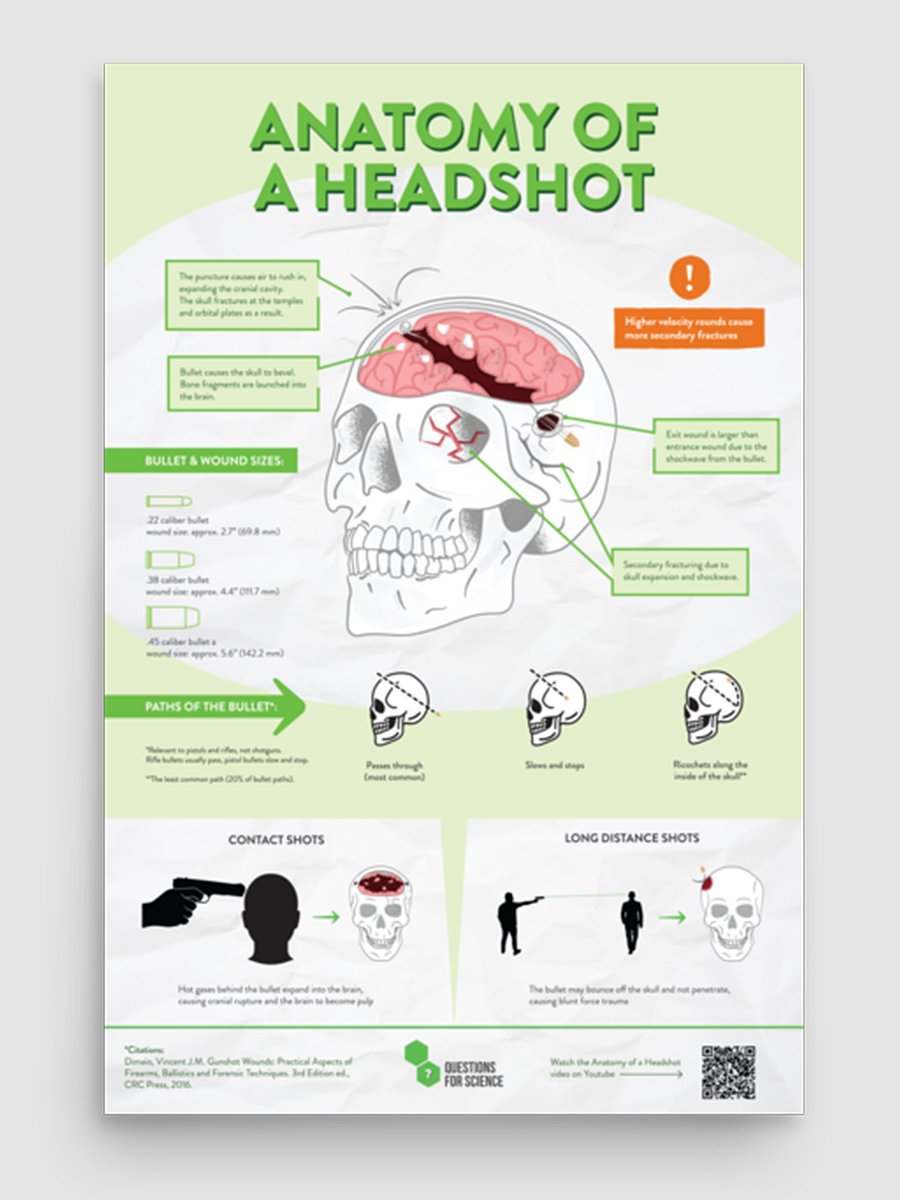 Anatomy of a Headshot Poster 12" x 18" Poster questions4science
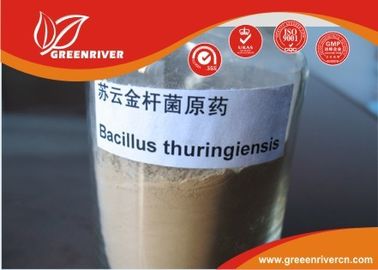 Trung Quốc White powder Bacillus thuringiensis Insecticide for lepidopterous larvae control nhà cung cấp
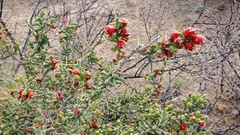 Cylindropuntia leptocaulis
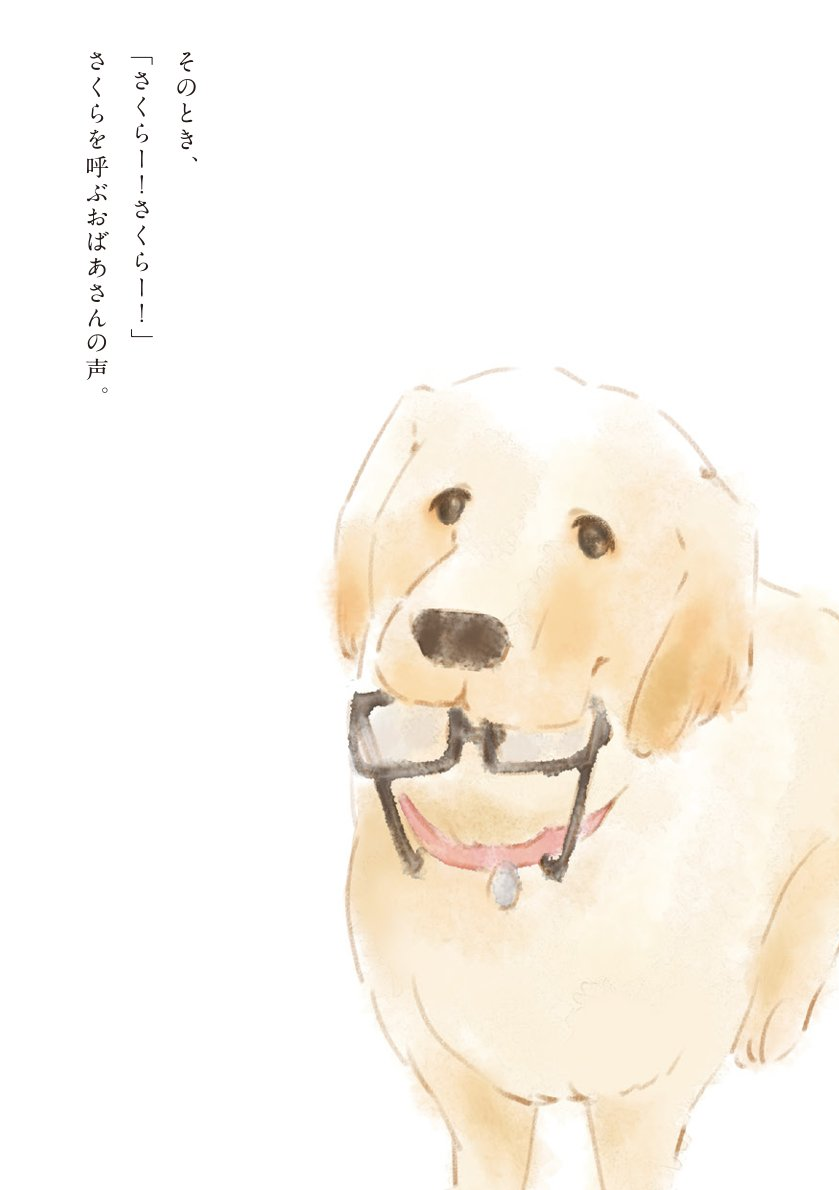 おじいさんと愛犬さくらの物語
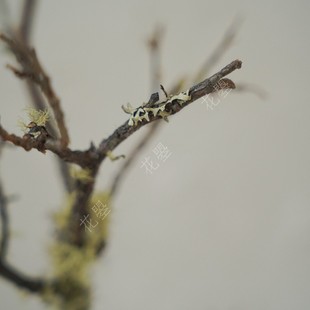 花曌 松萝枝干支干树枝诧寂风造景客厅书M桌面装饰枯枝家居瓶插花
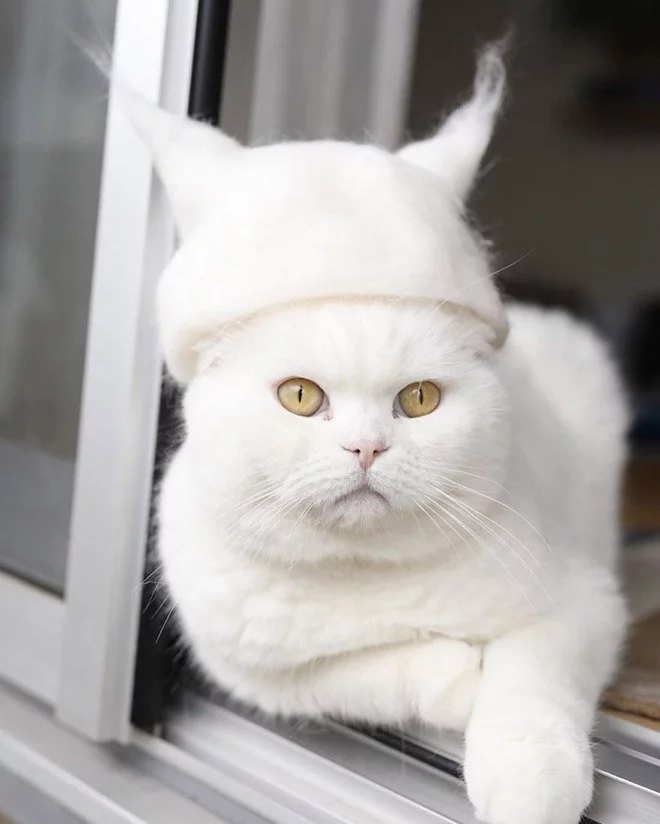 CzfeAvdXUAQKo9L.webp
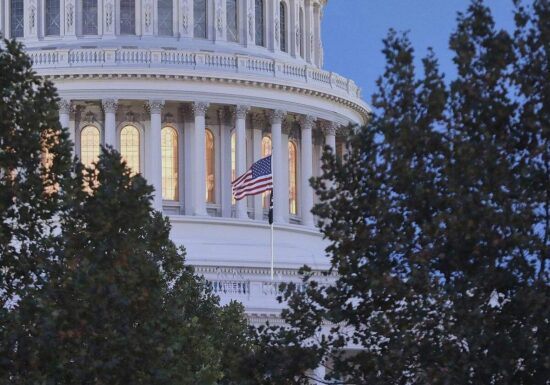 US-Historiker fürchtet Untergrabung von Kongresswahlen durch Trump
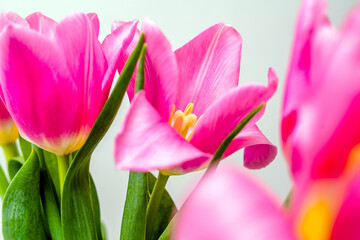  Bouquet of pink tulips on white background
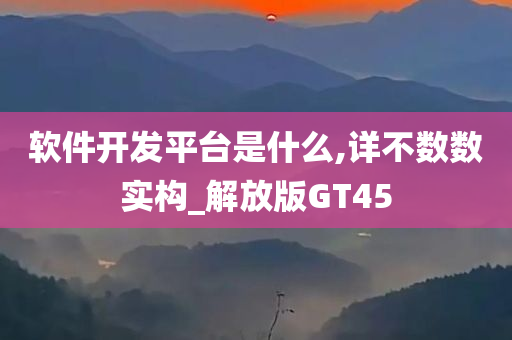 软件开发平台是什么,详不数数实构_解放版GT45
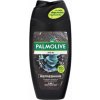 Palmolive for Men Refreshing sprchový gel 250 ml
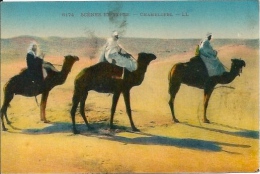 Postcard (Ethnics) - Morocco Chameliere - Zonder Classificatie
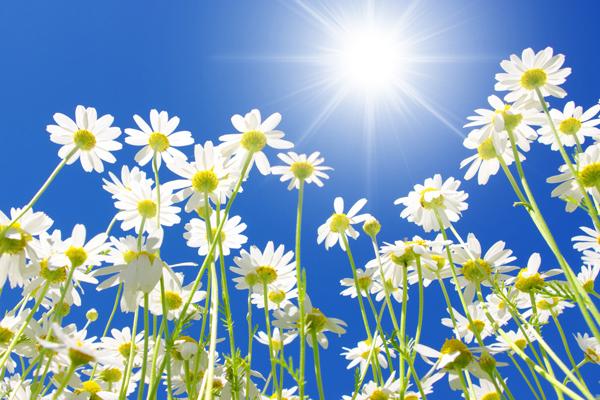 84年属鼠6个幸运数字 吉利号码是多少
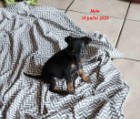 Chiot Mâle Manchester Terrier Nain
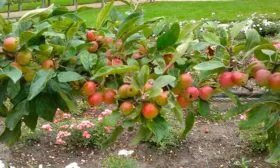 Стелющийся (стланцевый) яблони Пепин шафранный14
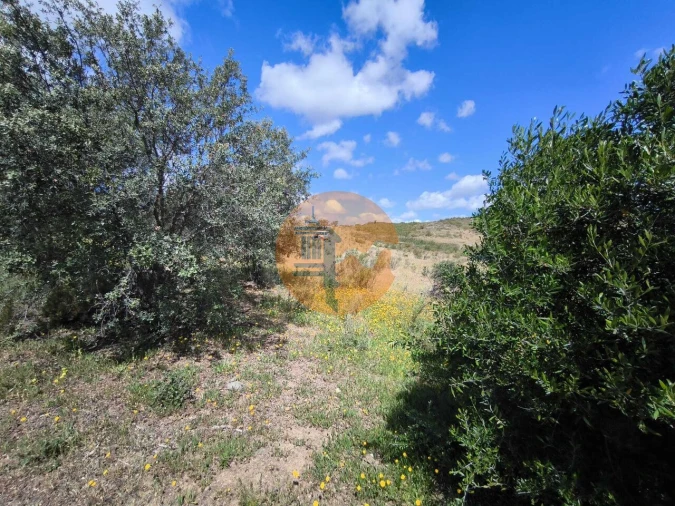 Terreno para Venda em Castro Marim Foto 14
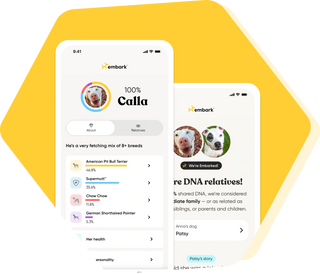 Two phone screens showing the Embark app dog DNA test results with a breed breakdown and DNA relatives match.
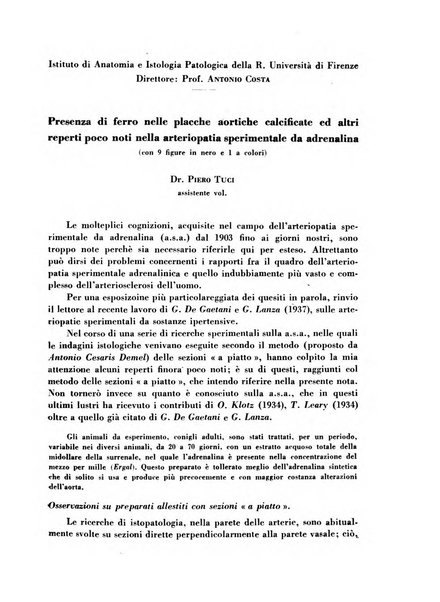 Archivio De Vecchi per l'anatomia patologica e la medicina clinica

****************************************

* Work to complete:
Your task is to reproduce exactly the lines running from the line that contains "Cylindropuntia leptocaulis" to the end of the records, pictures excluded.

* Exercise result:
 Cylindropuntia leptocaulis
 おじいさんと愛犬さくらの物語
 花曌 松萝枝干支干树枝诧寂风造景客厅书M桌面装饰枯枝家居瓶插花
 CzfeAvdXUAQKo9L.webp
 US-Historiker fürchtet Untergrabung von Kongresswahlen durch Trump
  Bouquet of pink tulips on white background
 软件开发平台是什么,详不数数实构_解放版GT45
 Palmolive for Men Refreshing sprchový gel 250 ml
 Postcard (Ethnics) - Morocco Chameliere - Zonder Classificatie
 84年属鼠6个幸运数字 吉利号码是多少
 Chiot Mâle Manchester Terrier Nain
 Стелющийся (стланцевый) яблони Пепин шафранный14
 Terreno para Venda em Castro Marim Foto 14
 Two phone screens showing the Embark app dog DNA test results with a breed breakdown and DNA relatives match.
 Archivio De Vecchi per l'anatomia patologica e la medicina clinica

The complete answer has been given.